First of three openings closed, more tests of pressure will follow before possible end to disaster

Published July 14, 2010 11:03PM (EDT)

Oil giant BP started shutting off the flow of oil through a new cap on its busted well Wednesday, possibly coming within hours of stopping the gusher for the first time since April.

Company vice president Kent Wells said at a news briefing in Houston that BP has closed the first of three openings that have been letting oil flow through the a new cap. Wells said it will take hours before all three are closed.

At that point, what BP calls the official test of the well's capabilities begin, Wells said. The company will be monitoring pressure inside the device, in part to make sure no new leaks develop. They will review at six hour intervals over a 48-hour period whether the new cap works as planned.

National Incident Commander Thad Allen said that after the test, all the valves will be reopened and BP and federal officials will decide whether to close off the well again or keep it open, with the oil that pours out again being collected by vessels floating on the surface of the Gulf.

Allen said at a separate news conference in New Orleans that the decision to go ahead with testing came after a 24-hour delay prompted by an "overabundance of caution" about the effect the pressure could have on the leaking well.

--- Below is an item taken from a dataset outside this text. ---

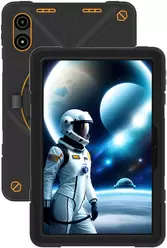 Galleria Foto AGM Pad P2 Active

"This has been a substantial impact on our environment, this has been a substantial impact on the Gulf Coast, the people, the culture," Allen said. "What we didn't want to do is compound that problem by making an irreversible mistake."

Federal officials were concerned that the pressure could further damage the well, including below the seafloor. A mapping of the seafloor around the well allayed those fears, Allen said.

Scientists will be closely monitoring the pressure inside the well during the test. Higher pressures are good; they indicate there is one leak. But if pressure fails to rise above 6,000 pounds per square inch, that could mean there are more leaks deeper in the well.

Once all the openings in the cap are shut off, it will be the first time no oil has flowed into the Gulf since an explosion on the Deepwater Horizon on April 20 that killed 11 workers and began what has become one of the worst environmental disasters in U.S. history.